══ Supplied material
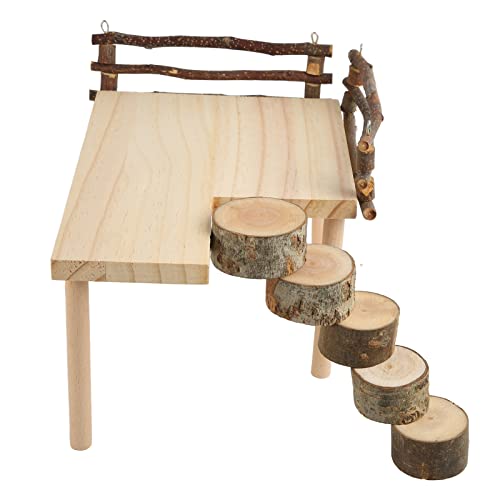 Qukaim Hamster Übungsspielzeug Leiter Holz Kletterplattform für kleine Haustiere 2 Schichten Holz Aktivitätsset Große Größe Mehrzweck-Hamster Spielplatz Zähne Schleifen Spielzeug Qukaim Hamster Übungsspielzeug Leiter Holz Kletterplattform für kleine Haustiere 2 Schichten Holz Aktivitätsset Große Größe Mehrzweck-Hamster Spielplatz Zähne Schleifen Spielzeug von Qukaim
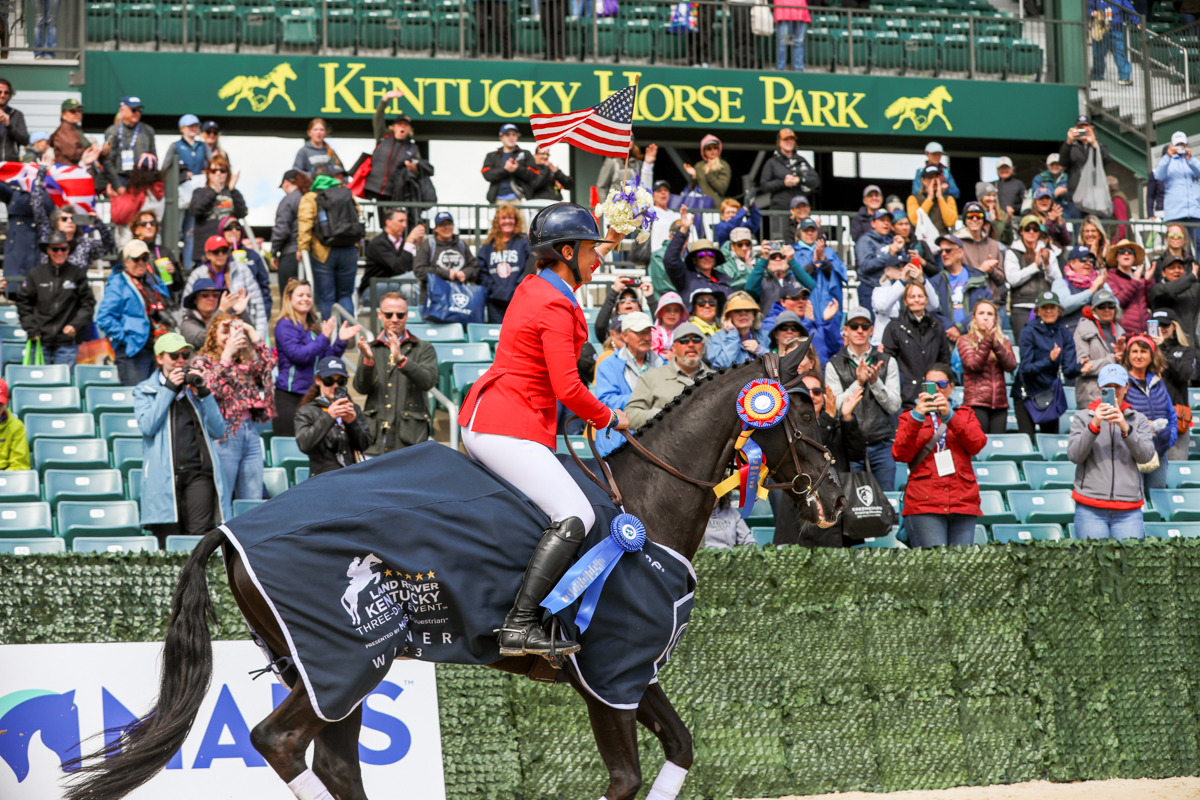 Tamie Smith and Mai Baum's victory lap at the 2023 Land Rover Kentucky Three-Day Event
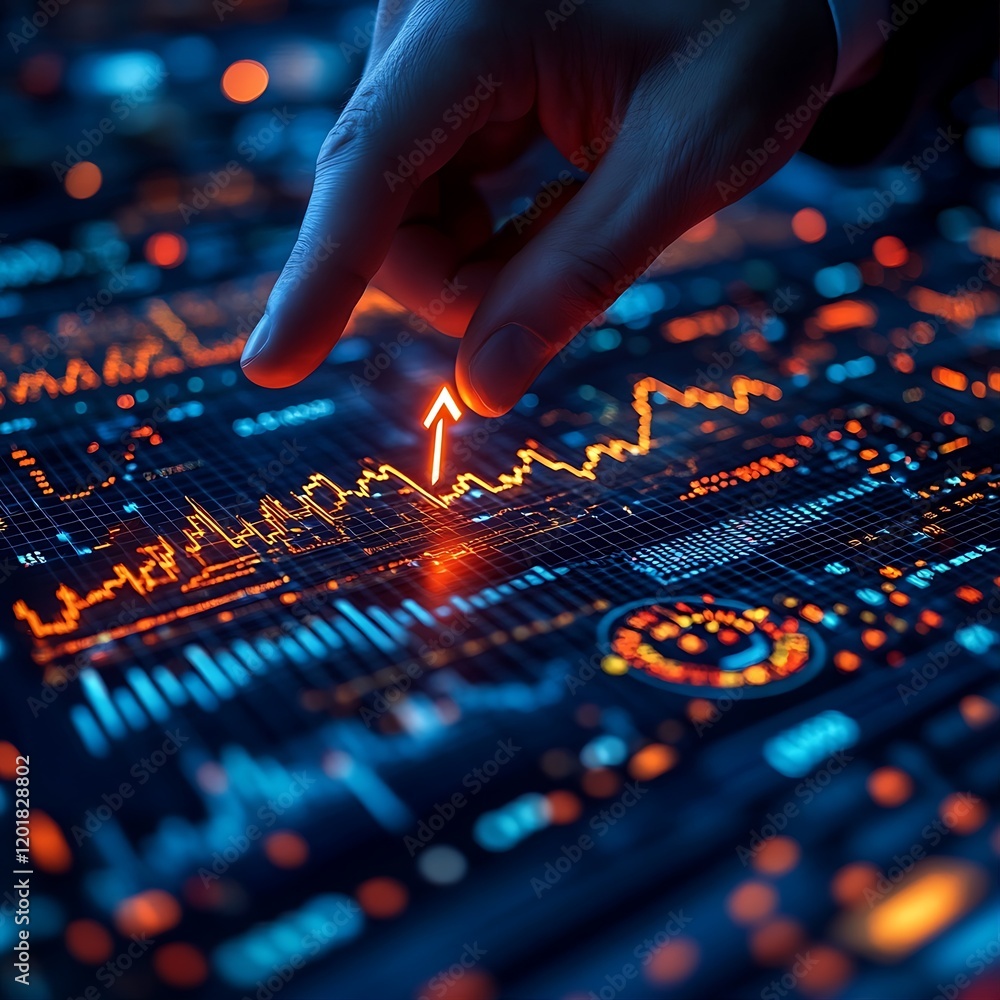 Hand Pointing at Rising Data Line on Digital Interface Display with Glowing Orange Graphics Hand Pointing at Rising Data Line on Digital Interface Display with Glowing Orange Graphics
════
What you need to do → Make an exact copy of the listing. Leave its pictures out.

Response to this task →
 Qukaim Hamster Übungsspielzeug Leiter Holz Kletterplattform für kleine Haustiere 2 Schichten Holz Aktivitätsset Große Größe Mehrzweck-Hamster Spielplatz Zähne Schleifen Spielzeug Qukaim Hamster Übungsspielzeug Leiter Holz Kletterplattform für kleine Haustiere 2 Schichten Holz Aktivitätsset Große Größe Mehrzweck-Hamster Spielplatz Zähne Schleifen Spielzeug von Qukaim
 Tamie Smith and Mai Baum's victory lap at the 2023 Land Rover Kentucky Three-Day Event
 Hand Pointing at Rising Data Line on Digital Interface Display with Glowing Orange Graphics Hand Pointing at Rising Data Line on Digital Interface Display with Glowing Orange Graphics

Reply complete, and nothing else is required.